Analysis of Insurance Prospects in Central America at Second Kuartal of 2011

The slow economic recovery in most of Central America after the crisis of 2009 and 2010 continue to affect the insurance industry. With a combined annual economic growth of only 5% (in dollars), six Central American countries (El Salvador, Costa Rica, Guatemala, Honduras, Nicaragua and Panama) have not succeeded balancing their economic growth.



Quoted from www.latindailyfinancialnews.com Fitch believes, however, that growth will remain moderate in 2011, with hopes of economic recovery than expected for most state agencies, although less pronounced in El Salvador. Fitch will monitor the impact of economic developments in the financial profile of an insurance company rated in the region to take action it deems appropriate.

In late September 2010, El Salvador, Costa Rica and Nicaragua showed decreased performance due to decreased operational efficiency, while maintaining the relative stability of the level of claims, while other countries saw improvements in the last index, including Guatemala, which, however, still has the highest level about 100%, as in Nicaragua. Interest income continues to be an important factor contributing to the insurance industry in the region, especially in Costa Rica and Honduras, in the first case, the registration of a broad investor base, while in Honduras, which is associated with the investment portfolio is relatively high. Meanwhile, the situation remains calm is similar to previous years, such as Guatemala and Nicaragua with a larger displacement than a passive way to rank measures, taking into account the average capitalization lower than your current company. Adequate liquidity position in all countries, although more stringent in the Guatemala and Nicaragua.

In addition, Fitch welcomes the trend in the countries of the region to modernize the legal framework of insurance sector, as happened in Costa Rica and Guatemala, while in Panama the main changes to the law of the last insurance. Fitch expects to continue to see a gradual strengthening in the financial profile of insurance companies in the region and greater standardization of the conditions of competition as a result of the adequacy of the regulatory framework for financial practices and operating standards that can promote the entry of new competitors and contribute to the reduction of risk concentrations. As the September 10, 2010, industry concentration remains high, the five largest companies in each state control over an average of 65% of premiums collected, while the stock of foreign capital in the region remains asymmetrical.
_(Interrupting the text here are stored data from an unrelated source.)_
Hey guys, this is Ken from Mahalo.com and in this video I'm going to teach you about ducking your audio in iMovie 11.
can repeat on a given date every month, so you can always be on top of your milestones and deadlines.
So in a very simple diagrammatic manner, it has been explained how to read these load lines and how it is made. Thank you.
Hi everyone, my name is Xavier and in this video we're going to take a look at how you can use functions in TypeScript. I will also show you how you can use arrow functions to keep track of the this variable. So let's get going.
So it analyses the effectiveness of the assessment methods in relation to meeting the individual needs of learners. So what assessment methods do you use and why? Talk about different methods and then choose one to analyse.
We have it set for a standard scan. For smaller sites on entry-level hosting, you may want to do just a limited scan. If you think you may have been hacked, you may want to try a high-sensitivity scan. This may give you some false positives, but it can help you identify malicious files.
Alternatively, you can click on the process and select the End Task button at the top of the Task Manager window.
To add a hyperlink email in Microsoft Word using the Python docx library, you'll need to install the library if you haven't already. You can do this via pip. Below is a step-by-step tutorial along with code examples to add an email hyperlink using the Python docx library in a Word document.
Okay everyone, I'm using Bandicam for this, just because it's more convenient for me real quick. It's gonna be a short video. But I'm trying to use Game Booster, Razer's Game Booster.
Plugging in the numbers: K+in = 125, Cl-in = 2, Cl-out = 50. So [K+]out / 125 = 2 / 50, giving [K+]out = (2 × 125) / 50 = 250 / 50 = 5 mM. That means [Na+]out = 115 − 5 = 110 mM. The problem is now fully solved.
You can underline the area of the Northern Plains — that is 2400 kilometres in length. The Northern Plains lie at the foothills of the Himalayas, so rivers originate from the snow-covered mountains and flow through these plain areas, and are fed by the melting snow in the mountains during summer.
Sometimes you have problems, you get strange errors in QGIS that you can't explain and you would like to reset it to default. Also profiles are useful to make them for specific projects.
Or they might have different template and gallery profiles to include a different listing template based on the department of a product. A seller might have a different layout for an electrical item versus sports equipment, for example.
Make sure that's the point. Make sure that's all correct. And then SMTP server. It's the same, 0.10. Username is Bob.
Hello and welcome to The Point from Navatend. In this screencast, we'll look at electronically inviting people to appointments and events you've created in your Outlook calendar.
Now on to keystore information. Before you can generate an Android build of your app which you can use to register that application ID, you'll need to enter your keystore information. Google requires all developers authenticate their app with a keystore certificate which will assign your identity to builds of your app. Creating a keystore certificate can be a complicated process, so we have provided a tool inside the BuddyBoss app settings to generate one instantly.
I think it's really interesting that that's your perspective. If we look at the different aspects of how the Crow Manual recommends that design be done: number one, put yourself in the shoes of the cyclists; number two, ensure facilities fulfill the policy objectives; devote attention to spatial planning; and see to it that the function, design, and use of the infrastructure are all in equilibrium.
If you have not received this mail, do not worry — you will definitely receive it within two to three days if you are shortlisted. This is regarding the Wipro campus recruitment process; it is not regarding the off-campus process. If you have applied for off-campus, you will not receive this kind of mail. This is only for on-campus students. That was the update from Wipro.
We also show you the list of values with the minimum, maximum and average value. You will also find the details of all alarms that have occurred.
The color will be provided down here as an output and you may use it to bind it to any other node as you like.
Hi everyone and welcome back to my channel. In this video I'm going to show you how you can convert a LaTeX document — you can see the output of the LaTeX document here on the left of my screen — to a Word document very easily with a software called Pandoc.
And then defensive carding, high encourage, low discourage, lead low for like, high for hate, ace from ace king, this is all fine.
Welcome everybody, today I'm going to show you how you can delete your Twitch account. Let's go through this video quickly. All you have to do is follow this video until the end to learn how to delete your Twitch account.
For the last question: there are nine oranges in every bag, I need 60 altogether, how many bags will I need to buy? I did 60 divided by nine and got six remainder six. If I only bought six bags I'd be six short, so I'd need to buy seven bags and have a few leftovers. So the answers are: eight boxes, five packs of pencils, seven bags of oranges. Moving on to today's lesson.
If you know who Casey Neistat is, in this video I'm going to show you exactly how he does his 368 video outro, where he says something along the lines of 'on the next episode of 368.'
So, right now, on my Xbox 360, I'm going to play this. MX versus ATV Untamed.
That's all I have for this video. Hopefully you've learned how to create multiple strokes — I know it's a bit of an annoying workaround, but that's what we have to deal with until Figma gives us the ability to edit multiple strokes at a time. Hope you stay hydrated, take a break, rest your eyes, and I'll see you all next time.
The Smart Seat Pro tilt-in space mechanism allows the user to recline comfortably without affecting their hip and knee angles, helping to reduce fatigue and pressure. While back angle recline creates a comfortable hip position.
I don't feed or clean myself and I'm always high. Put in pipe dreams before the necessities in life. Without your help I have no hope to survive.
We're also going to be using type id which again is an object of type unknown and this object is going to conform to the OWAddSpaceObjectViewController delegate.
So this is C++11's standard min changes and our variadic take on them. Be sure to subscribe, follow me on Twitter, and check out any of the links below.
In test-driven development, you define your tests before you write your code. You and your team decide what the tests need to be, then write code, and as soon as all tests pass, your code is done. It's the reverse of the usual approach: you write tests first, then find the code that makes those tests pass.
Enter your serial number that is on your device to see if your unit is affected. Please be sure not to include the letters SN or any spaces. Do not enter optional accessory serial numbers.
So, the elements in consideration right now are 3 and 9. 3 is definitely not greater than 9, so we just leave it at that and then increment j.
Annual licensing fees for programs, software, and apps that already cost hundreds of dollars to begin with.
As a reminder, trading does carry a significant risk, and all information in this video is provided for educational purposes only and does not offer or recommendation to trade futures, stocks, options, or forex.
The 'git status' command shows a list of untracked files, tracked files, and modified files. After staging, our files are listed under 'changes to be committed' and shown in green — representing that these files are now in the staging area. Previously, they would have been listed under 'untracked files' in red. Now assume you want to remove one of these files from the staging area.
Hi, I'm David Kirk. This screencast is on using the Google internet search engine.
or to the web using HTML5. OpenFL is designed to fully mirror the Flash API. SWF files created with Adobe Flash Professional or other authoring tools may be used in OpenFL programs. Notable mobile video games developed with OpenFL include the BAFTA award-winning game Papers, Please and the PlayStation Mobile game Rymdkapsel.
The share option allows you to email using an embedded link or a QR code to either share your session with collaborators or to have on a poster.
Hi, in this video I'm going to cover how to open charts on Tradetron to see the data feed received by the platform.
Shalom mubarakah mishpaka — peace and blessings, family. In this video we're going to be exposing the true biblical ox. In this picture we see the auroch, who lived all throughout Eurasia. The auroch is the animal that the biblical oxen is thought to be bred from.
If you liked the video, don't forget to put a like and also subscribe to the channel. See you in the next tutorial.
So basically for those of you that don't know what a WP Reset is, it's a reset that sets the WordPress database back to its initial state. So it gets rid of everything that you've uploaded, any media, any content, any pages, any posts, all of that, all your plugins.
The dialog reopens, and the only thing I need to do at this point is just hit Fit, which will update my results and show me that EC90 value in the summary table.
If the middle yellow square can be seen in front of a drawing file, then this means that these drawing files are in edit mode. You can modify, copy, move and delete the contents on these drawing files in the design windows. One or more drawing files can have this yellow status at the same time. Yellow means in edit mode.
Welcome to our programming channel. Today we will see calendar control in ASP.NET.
El Salvador is the largest market share of foreign investment (78% of premiums collected), and Guatemala, Costa Rica and Nicaragua, the lowest, despite the recent acquisitions have resulted in a significant increase in Panama's strategic partnership between Mapfre Spain and Grupo ASSA in Panama.

The insurance industry in Panama continues to shine with the highest penetration in the GDP (3.4%), followed by Costa Rica (2.3%), both associated with higher purchasing power of the population, with higher levels of GDP per capita, however, Guatemala is a country showing the lowest penetration (1.2%), while the penetration in other countries varies between the limits, but generally below the average for Latin America as a region.

Fitch estimates that as far as marketing channels of exploitation of the insurance industry to become less traditional in terms of innovative insurance products, and expand the choice of cost and convenience, and encourage the expansion and penetration of security in the region. In addition, sustained economic growth and increasing banking penetration is a necessary condition for the expansion of the insurance industry.